He suspects the plane instead crashed into the ocean and will be discovered there eventually. “Remote as some airports are, none are small or unwatched enough to accept a Boeing 777 without it being obvious,” he says.

The Disintegration Idea. Smith calls this idea “wacky.” “Would it be possible for the 777 to have climbed clear out of the atmosphere, so high that ‘it disintegrated,’ went into orbit or otherwise became impossible to track or locate?”

The answer, he says, is a definite no. “Totally impossible. At a certain altitude, a plane’s engines will no longer provide enough power and the wings will no longer provide enough lift. The plane will no longer be able to sustain flight. All commercial passenger jets have maximum certified cruising altitudes below 50,000 feet or so. Even this altitude isn’t always reachable. The maximum altitude at a given time depends on the plane’s weight, the air temperature and other factors.”

The Emergency Response. Here’s one theory that actually merits attention. This theory explains Flight 370’s abrupt off-course turn as a response to an in-flight emergency of some kind, perhaps an electrical fire or a tire that went aflame in the front landing gear.
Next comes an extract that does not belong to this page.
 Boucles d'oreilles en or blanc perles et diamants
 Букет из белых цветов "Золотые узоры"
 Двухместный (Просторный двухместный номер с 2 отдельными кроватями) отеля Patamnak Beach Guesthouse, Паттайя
Pilot Chris Goodfellow advanced this idea on Google+ and then in Wired, saying that, while aiming to make an emergency landing, the crew was overcome by smoke or fumes. With the autopilot on and its course reprogrammed, “the plane then continued on for a time before crashing.”

Smith says this theory “is described as ‘startlingly simple,’ but there’s nothing startling about it. Goodfellow, in fact, puts forth the same idea that I did” several days ago.

On March 14, Smith wrote on his blog:

“…Was the crew diverting to a nearby airport because of a fire or some other emergency? Did the plane crash shortly thereafter; or were the pilots overcome by smoke or fumes, at which point [the] plane continued for a length of time? It’d be interesting to see what some of their divert options were at the point when the jet fell out of contact…”

Smith says that other people have also suggested “the same thing, more or less, once it was revealed that the plane had made an off-course turn. This remains a perfectly plausible theory — a lot more plausible than some of those we’ve been hearing.”